例えば、会社組織の中で、目標を達成した人に対して〈褒める〉のは分かりやすいです。〈目標〉に対して〈達成〉という成果がはっきりしているから。
でも、世の中には、そんなにはっきり「良い評価を得ること」「悪い評価を得ること」が明確になっている訳ではないですよね。「優しい気持ちだったのは分かるけれど、結果として相手を傷つけてしまった」とか「チャレンジしたのは素晴らしいけれど、危険が大きすぎた」とか、良くもあり悪くもある、という場面の連続です。一言では言い切れないことばかり。
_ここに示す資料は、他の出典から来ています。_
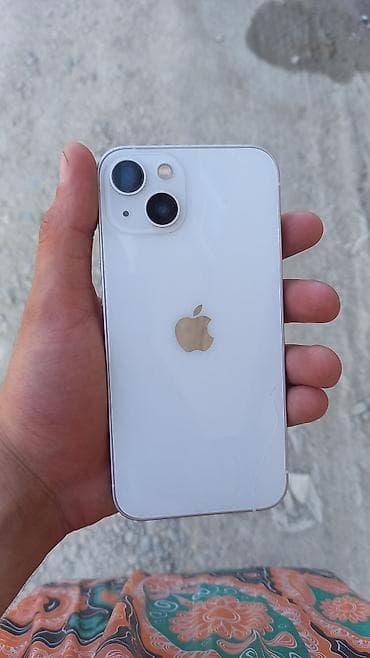 iphone 19: IPhone 13 — 2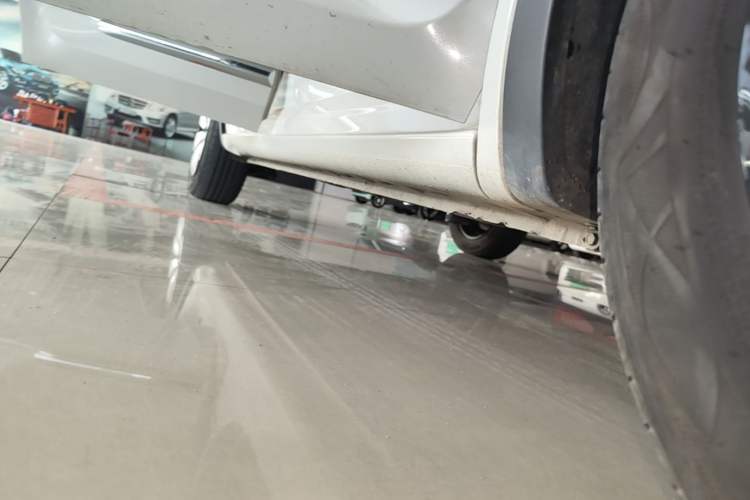 Used Wuling Bingo 2023 333 km Lingxi Connected Version Right Side Sill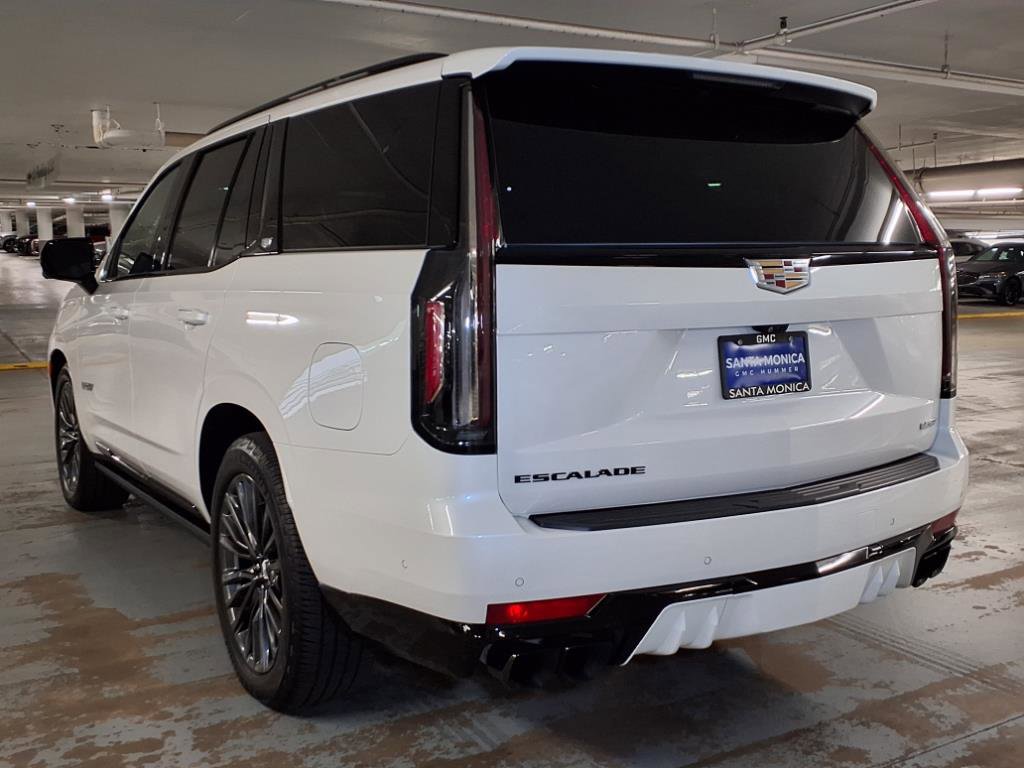 Used 2023 Cadillac Escalade V image 3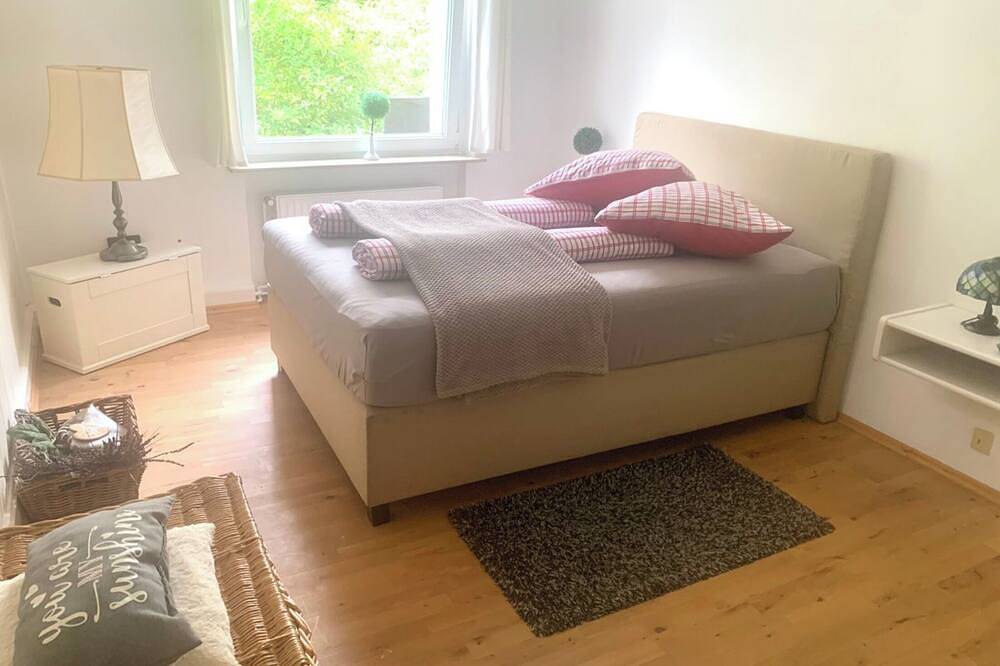Ganze Wohnung, Gemütliche 2 Zimmer Fewo mit Xxl Garten im Zentrum von Bad Schwartau, Ostseenah! in Bad Schwartau, Ostholstein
〈褒める〉というのは、そういう一言で言いきれないことに対しても、〈あなたのその行為が正解〉と言う評価を下しています。褒められる相手にとっては、自分の行動が良いか悪いか、ずっとジャッジされていることになります。そういう「難しさ」が1つ目です。
2つ目の難しさは、昨日の記事でも書いた通り、〈子どもをコントロールできてしまう〉ことです。子どもをコントロールして、大人の言うことに素直に従ってくれるように育てば、大人としてはいい気持ちかもしれません。
でも、大人に都合のいい振る舞いをするような習慣をつけることは、良いことなんでしょうか。人として成長する時には〈自分自身の柱を持つこと〉も〈他者の意見に耳を傾け取り入れること〉も、どちらも大事です。褒められることが嬉しくて、大人が望む振る舞いばかりを選ぶようになると、後から〈自分自身の柱〉を持つために本当に苦しい想いをします。
3つ目の難しさは、同じ言葉を繰り返すだけでは、褒められる人が、だんだん満足できなくなることです。ただ「すごい」と言われ続けるだけでは、「あぁ、適当に言われているな」と、感じるんですよね。「すごい」「すごい」って言われても、何がすごいのか、褒められている人自身が実感できなければ、届きません。
そんな訳で、〈褒める〉には難しさがいくつもあるのです。〈褒める〉行為そのものが抱える難しさ、〈褒める〉ことによる影響を考えた時の難しさ、そして、そもそも相手に届く言葉で〈褒める〉ことの難しさ。
じゃあ、どうすればいいのか?
〈褒める〉をやめればいいと、私は考えています。
褒めなくていい。
というか、評価したりコントロールしなくていい。
その変わりに、子どもの様子をよく見て、見たことを率直に言葉にすればいいのです。「この絵は、たくさんの色を使ったんだね」「公園でいっぱい走ったね」「珍しい色の落ち葉を見つけたね」「重い荷物を持ってくれたね。ありがとう。ママ助かったよ」・・・って。
子どもたちに伝えたいことは、「あなたの、この行動が素晴らしい」という評価ではなく、「あなたが、こんな行動をしていたことを、私は見ていたよ」という事実。そして、自分のことを見てくれている人がいる、という拠りどころと安心感だと思うのです。
さらに、子ども自身がこだわりのあることや、一所懸命やったことに対して言葉をかけてもらえたら、とても嬉しい。
だから、褒めなくていいと思うんです。
その分、子どもの姿を見て、その振る舞いを具体的に言葉にして、伝えてみてはどうかしら?
子どもに「●●だったね」「●●していたね」と伝えられるようにしよう、と思えば、それだけで、子どもを見る視点が、一段深くなります。
そんな風に、「自分のことをちゃんと見てくれている人がいる」と思えることは、子どもたちにとって本当に嬉しいことです。
〈褒める〉と言うよりも、〈見る〉〈言葉にする〉〈伝える〉をぜひ大事にしてみてください。